WORK ITEM:
Give the data again exactly as it appears, excluding any pictures.

GIVEN MATERIAL:
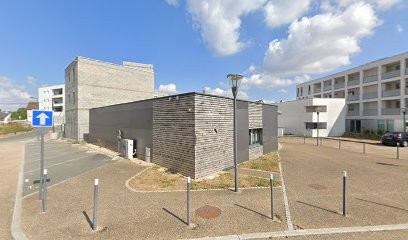 Dr Thibault Plusquellec, Dentiste à L'Huisserie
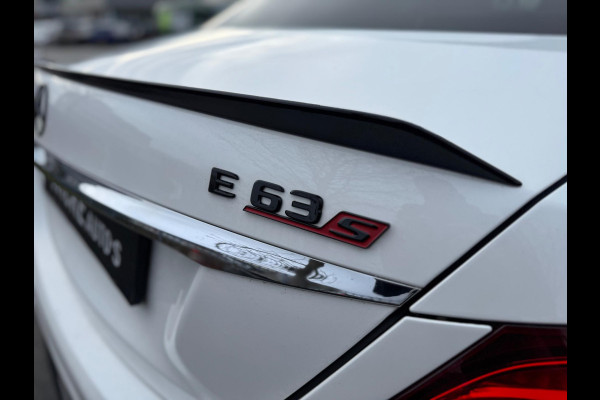 Mercedes-Benz E-Klasse AMG 63 S 4MATIC Softclose Panorama 360 Camera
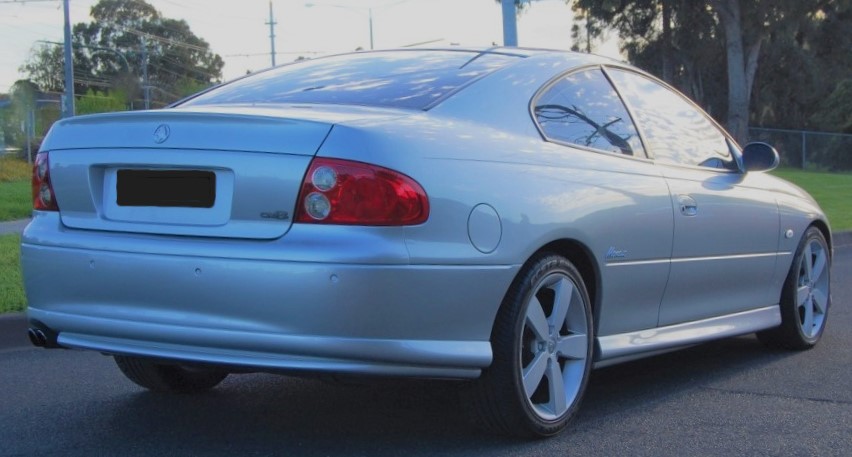 2004 HOLDEN MONARO SERIES III CV8 4 SP AUTOMATIC 2D COUPE 
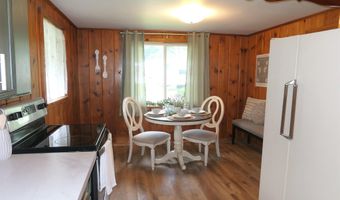 135 Riverside Dr, Alma, MI 48801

RESPONSE BOX:
 Dr Thibault Plusquellec, Dentiste à L'Huisserie
 Mercedes-Benz E-Klasse AMG 63 S 4MATIC Softclose Panorama 360 Camera
 2004 HOLDEN MONARO SERIES III CV8 4 SP AUTOMATIC 2D COUPE 
 135 Riverside Dr, Alma, MI 48801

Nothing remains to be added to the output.